### WHAT TO PRODUCE
List every line below containing "Mesh".

### DATA TO PROCESS
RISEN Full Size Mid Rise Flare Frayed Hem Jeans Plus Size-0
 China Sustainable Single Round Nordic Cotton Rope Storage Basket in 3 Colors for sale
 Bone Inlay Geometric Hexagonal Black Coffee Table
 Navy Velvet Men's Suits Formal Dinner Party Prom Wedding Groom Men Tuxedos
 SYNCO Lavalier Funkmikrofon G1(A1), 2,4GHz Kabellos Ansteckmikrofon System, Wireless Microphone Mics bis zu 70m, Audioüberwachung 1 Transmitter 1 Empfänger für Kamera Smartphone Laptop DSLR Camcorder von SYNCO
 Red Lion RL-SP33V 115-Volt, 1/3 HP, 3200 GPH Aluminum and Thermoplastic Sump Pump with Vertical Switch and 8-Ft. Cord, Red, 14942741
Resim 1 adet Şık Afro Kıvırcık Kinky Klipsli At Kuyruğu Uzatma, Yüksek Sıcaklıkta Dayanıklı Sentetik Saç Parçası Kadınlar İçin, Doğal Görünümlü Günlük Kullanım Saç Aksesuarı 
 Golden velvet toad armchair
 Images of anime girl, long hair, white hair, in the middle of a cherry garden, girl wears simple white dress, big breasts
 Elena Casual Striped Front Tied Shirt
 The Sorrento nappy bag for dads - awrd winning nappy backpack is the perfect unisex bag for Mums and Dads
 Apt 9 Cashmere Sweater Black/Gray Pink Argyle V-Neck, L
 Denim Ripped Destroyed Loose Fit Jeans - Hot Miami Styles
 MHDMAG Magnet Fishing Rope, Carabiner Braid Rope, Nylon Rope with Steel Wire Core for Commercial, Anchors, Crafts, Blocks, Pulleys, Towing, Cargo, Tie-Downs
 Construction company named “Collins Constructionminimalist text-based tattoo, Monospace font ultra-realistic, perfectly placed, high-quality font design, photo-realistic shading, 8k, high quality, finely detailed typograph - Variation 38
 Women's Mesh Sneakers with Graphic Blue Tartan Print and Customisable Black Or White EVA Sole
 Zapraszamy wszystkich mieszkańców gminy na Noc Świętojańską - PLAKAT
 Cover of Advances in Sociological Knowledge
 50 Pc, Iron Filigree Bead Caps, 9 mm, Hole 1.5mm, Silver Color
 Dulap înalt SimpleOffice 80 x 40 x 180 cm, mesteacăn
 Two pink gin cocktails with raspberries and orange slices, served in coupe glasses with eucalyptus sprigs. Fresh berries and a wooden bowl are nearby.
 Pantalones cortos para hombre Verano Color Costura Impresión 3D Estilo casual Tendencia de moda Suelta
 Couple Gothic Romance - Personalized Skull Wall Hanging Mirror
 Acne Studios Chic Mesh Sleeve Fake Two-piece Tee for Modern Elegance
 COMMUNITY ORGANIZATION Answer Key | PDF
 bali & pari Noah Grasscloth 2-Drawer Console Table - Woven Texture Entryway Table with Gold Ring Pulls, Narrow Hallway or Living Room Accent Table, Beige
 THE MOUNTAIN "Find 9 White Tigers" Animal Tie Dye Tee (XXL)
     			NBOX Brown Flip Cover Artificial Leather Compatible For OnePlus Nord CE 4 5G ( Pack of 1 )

### ANSWER TO THIS TASK
 Women's Mesh Sneakers with Graphic Blue Tartan Print and Customisable Black Or White EVA Sole
 Acne Studios Chic Mesh Sleeve Fake Two-piece Tee for Modern Elegance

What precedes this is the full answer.